Let’s be unequivocally clear: this narrative is a dangerous distortion of truth and a disservice to the Zimbabwean people. While the historical injustices of colonialism are undeniable and created the initial inequity, attributing the failure of land reform post-independence solely to external forces is a profound act of victim-blaming that ignores decades of internal mismanagement and corruption.

The Real Saboteur: ZANU-PF Corruption

The Fast-Track Land Reform Program (FTLRP), initiated in 2000, was ostensibly designed to correct historical land imbalances. Its intentions, noble on paper, were tragically sabotaged not by some lingering ‘colonial hand,’ but by the very party that championed it: ZANU-PF. The evidence is overwhelming and speaks for itself:

  • Patronage and Nepotism: Instead of genuinely empowering landless peasants with the skills and resources to farm productively, vast tracts of seized land were parcelled out to ZANU-PF elites, loyalists, military personnel, and politically connected individuals who often had little to no farming experience or intention to cultivate.
  • Asset Stripping: Many ‘new farmers’ were more interested in stripping commercial farms of their valuable infrastructure, equipment, and irrigation systems rather than investing in productivity. This short-sighted plundering decimated the agricultural sector, once the backbone of Zimbabwe’s economy.
  • Lack of Support and Resources: Genuinely aspiring farmers, even those who received land, were rarely provided with the necessary inputs (seeds, fertilizer), financing, or extension services needed to succeed. The focus was on allocation, not productivity.
  • Erosion of Property Rights: The arbitrary nature of land seizures destroyed investor confidence, both local and international, crippling the country’s ability to attract capital for agricultural development and beyond.
  • Food Insecurity: The net result was a dramatic decline in agricultural output, transforming Zimbabwe from a regional breadbasket into a nation dependent on food imports and international aid – a direct consequence of internal policy failures, not colonial interference two decades after independence.

Stop Playing the Victim

Mr. Mnangagwa’s attempts to resurrect the bogeyman of the ‘colonial master’ are not just historically inaccurate; they are a cynical ploy to deflect from the current government’s own failures and accountability. The problems plaguing Zimbabwe’s economy and its agricultural sector today are deeply rooted in the corruption, cronyism, and poor governance that have characterized ZANU-PF’s rule.
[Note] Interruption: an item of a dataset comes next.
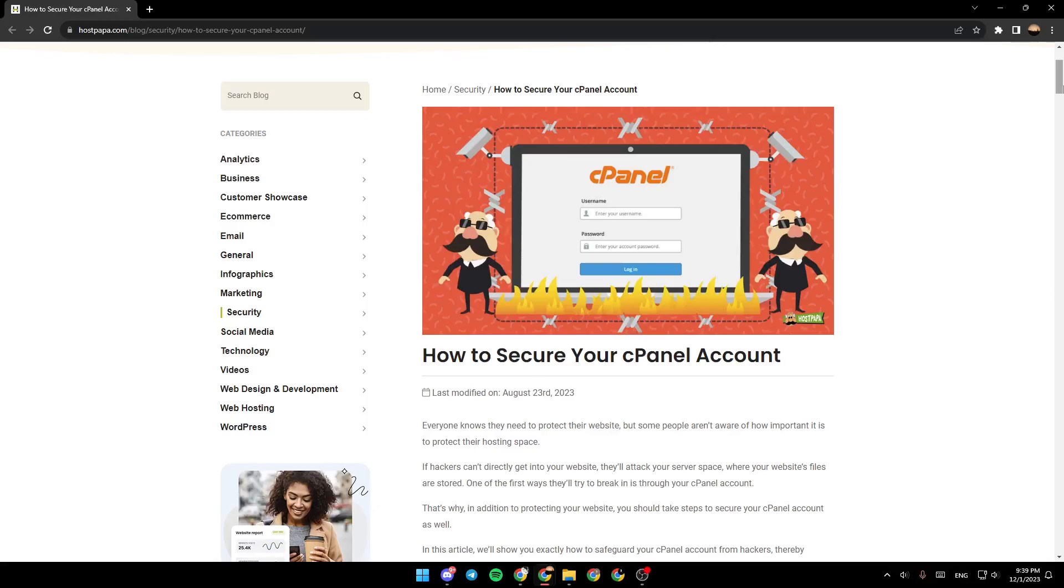Hello everyone, and welcome back to a new video. In this video, I'm going to show you how to protect cPanel from hackers. If you want to learn how to do it, just follow the steps that I'm going to show you.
True progress for Zimbabwe will only begin when its leaders stop playing the victim and start taking genuine responsibility. It requires acknowledging that the greatest impediments to land reform’s success, and indeed to the nation’s prosperity, lie within the halls of power, not in some distant historical specter. It’s time for accountability, transparency, and a commitment to policies that genuinely serve all Zimbabweans, not just a select few.